The Portland State spinout has raised an undisclosed sum to fund work on a conducive metal fluid that can make elastic materials electroactive.
Liquid Wire, a US-based conducive material developer spun out from Portland State University, has raised an undisclosed sum of seed funding from research centre Oregon Nanoscience and Microtechnologies Institute (Onami).
Founded in 2016, Liquid Wire is developing a conducive metal fluid called MetalGel that enables power transmission within a range of elastic materials to run devices such as wearable electronics.
MetalGel, a gallium-indium alloy-based fluid, is the result of a chemical reaction analogue to gelification and can be printed or encapsulated onto other materials so as to create electroactive structures.
Liquid Wire is based on research by Mark Ronay, the spinout’s managing director, who completed a Portland State master’s degree in electrical and computer engineering, along with Bahar Ajdari, a former Portland student researcher now employed by chipmaker Intel.
The funding will enable Liquid Wire to establish customer relationships in the technical textiles segment as it prepares to open a limited-capacity fabrication plant for printing conductors in Beaverton, Oregon.
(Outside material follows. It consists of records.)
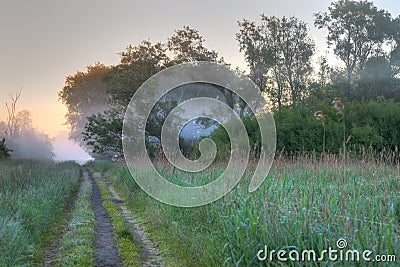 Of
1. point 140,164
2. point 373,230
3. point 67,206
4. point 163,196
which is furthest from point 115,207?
point 373,230

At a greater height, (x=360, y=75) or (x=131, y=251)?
(x=360, y=75)

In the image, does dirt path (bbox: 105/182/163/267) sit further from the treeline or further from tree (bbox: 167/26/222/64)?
tree (bbox: 167/26/222/64)

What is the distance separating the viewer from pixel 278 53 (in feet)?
95.5

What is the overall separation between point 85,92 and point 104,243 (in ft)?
137

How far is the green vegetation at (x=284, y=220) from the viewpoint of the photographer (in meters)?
4.05

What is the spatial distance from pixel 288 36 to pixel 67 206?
76.3 ft

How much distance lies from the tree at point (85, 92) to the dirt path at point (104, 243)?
37.8 m

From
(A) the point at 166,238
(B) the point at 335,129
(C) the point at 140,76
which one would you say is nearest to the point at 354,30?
(C) the point at 140,76

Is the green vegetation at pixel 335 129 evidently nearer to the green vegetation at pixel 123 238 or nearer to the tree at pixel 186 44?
the green vegetation at pixel 123 238

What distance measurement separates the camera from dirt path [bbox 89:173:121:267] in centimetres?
570

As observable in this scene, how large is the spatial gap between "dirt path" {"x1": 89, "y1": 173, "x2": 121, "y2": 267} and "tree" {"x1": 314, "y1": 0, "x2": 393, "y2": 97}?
24344 mm

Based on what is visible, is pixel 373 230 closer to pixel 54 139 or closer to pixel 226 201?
pixel 226 201

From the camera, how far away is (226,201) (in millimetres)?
6375

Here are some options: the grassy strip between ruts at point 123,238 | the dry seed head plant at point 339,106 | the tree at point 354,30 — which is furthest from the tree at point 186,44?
the dry seed head plant at point 339,106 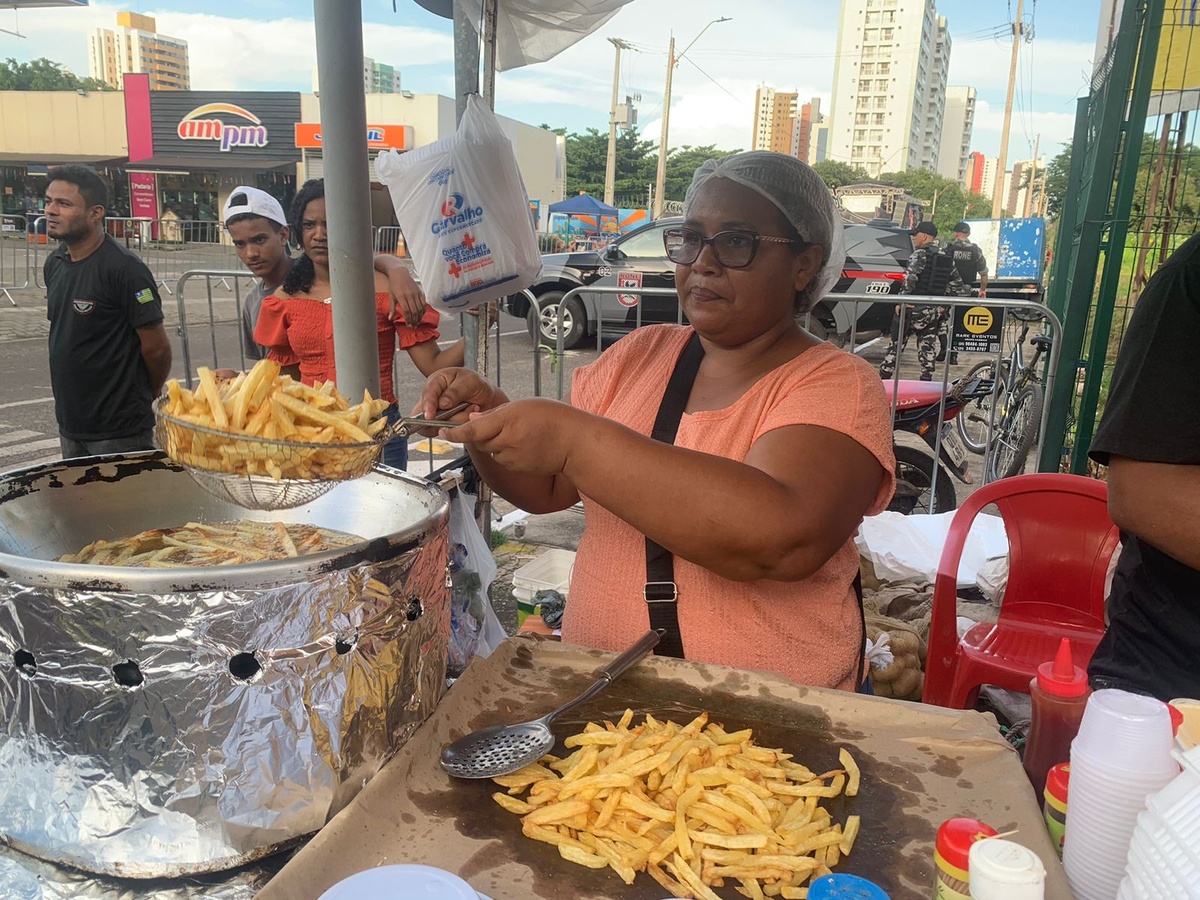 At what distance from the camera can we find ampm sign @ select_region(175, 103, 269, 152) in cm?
3244

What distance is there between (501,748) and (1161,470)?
144 centimetres

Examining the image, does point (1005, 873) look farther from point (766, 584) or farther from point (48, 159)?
point (48, 159)

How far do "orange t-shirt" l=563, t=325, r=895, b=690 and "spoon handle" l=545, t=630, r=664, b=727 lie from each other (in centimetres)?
14

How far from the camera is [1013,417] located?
696cm

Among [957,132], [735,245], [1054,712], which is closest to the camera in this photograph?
[1054,712]

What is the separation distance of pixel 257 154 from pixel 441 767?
119 ft

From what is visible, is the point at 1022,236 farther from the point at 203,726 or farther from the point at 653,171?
the point at 653,171

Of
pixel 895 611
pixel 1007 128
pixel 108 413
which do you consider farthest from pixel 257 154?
pixel 1007 128

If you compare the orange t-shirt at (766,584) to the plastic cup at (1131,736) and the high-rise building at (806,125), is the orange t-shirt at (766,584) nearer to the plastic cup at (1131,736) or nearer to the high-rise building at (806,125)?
the plastic cup at (1131,736)

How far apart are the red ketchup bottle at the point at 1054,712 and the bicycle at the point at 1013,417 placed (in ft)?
14.3

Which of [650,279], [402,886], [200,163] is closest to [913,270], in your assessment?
[650,279]

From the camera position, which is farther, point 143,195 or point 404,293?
point 143,195

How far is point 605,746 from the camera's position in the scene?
4.83ft

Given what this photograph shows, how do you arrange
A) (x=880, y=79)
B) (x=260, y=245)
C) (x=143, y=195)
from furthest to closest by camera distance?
(x=880, y=79) < (x=143, y=195) < (x=260, y=245) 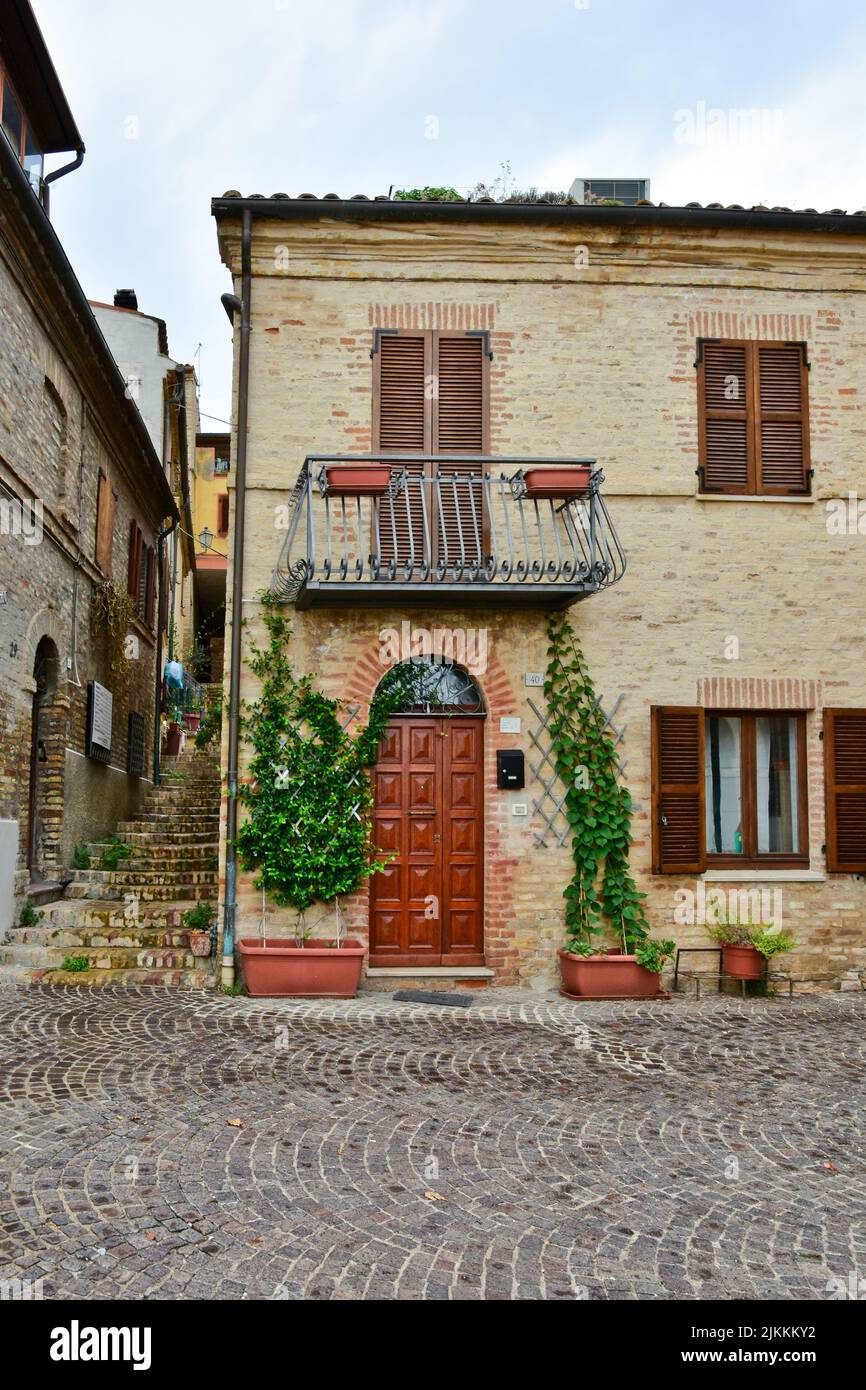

Liquid Wire has completed the characterisation of MetalGel’s properties and has documented manufacturing processes likely to be used during production.
The company is now developing evaluation kits to demonstrate MetalGel’s usefulness and to facilitate partnerships with academic or industrial researchers.
Onami invested $37,000 in Liquid Wire during the first quarter of 2017. Liquid Wire previously received $5,000 in 2016 for finishing runner-up in the university’s Cleantech Challenge competition.
Skip Rung, president and executive director of Onami, said: “Stretchable conductors are the foundation of the rapidly growing technical textiles market.
“We believe Liquid Wire’s MetalGel uniquely enables stretchable conductors for applications from wearable electronics to high-performance sensors for athletic apparel and 3D pressure sensors.”